This seems to me to be a non-sequitur: "but if one wanted another universe to begin fundementally in a lower state of entropy we have a paradox on what is allowed in any given universe. This would mean that the entropy in our universe is irreducibly-complex to state that no other universe could manifest in lower energy states".
It is not consistent with the rest of your comment.

Quote
Only in the biological sense. I made this clear in the OP

Biology is of course highly organised and intricate physics and chemistry. The examples of falsified irreducible complexity in biology are also generalisable to abiological concepts.

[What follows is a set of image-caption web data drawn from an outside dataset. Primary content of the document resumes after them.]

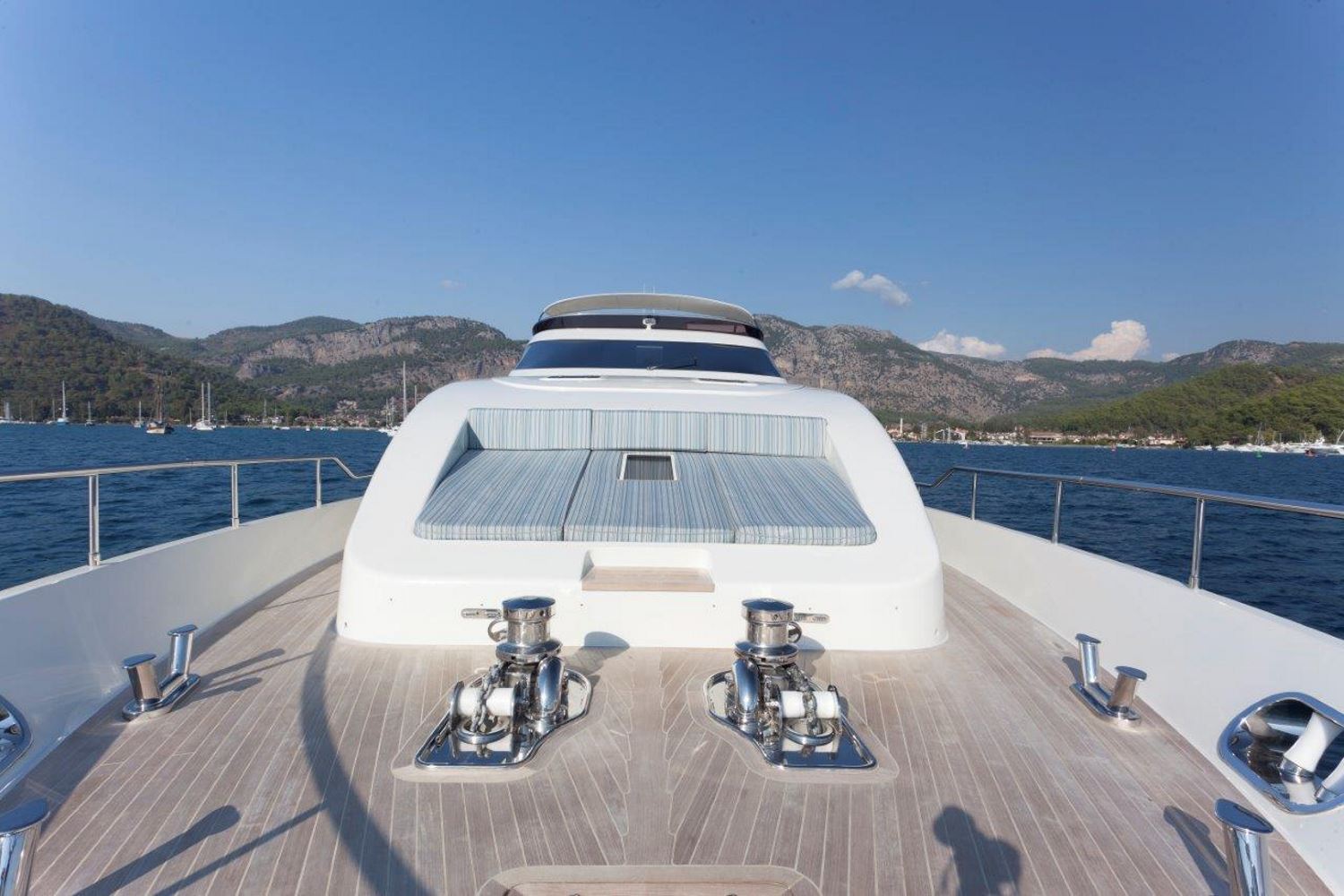 Yacht M & M foredeck.jpg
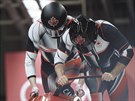 Kanadská posádka Justin Kripps a Alexander Kopacz si v olympijském závod...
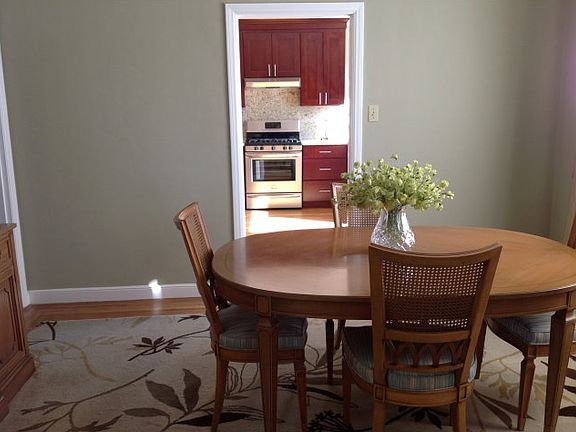 5th image of 937 Larkspur Dr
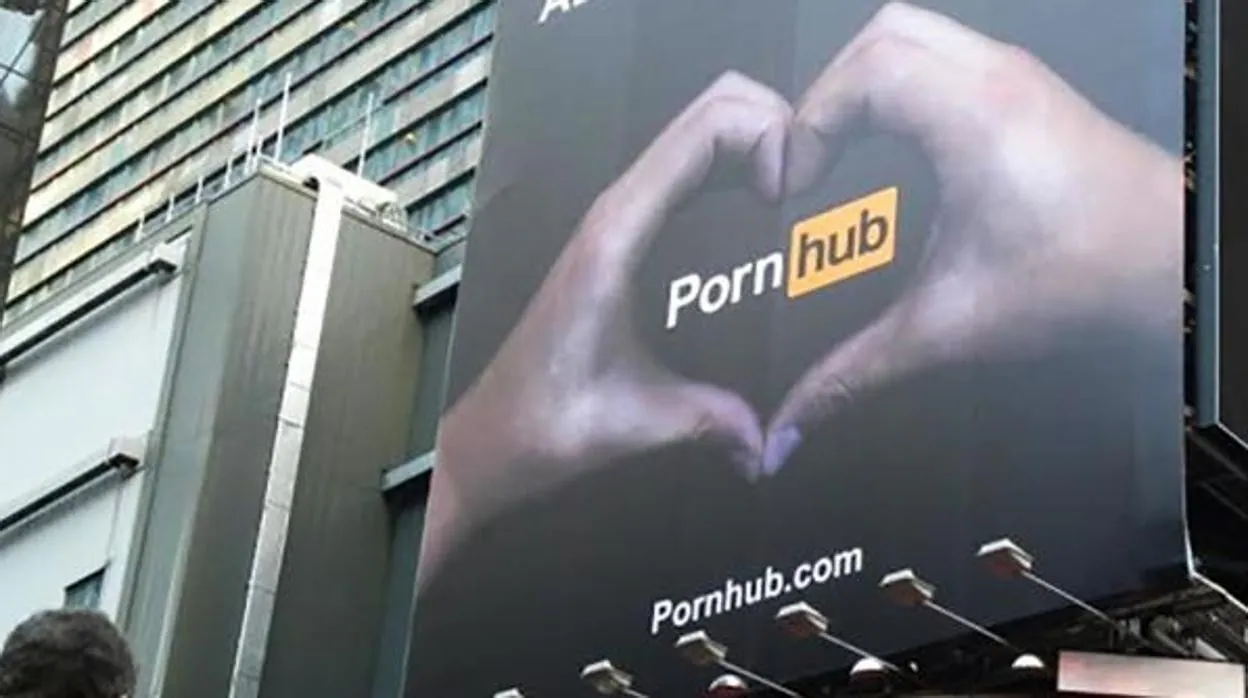 Archivo: Publicidad del portal pornográfico Pornhub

Consider a biological structure that is composed of several parts. The structure may be completely nonfunctional if any of its parts are modified or absent. However, because we know that the structure and its parts have evolved (changed) over time, we can show that at some time in the past, the structure and its parts were different and the structure was not nonfunctional in the absence of some parts. Eventually the parts evolved to be completely dependent on each other for proper function.

A simpler, more purely physical/mechanical example is this: Build an arch out of bricks. This is how arches are made, and its a very reducible process:
http://www.diyinfo.org/wiki/How_To_Build_A_Brick_Arch,_Ringed-Curved_Style   
http://www.diyinfo.org/images/f/f7/Brickarch_C.jpg
The bricks in the arch are at first supported by a wooden scaffold. Once the arch is complete, the scaffold is removed and the arch supports itself. Some of these arches do not even require cement, for example if the bricks are wedged, because all the bricks are being forced down and push against each other so there is no way for them to fall.
But what happens if you remove the key brick? The structure collapses.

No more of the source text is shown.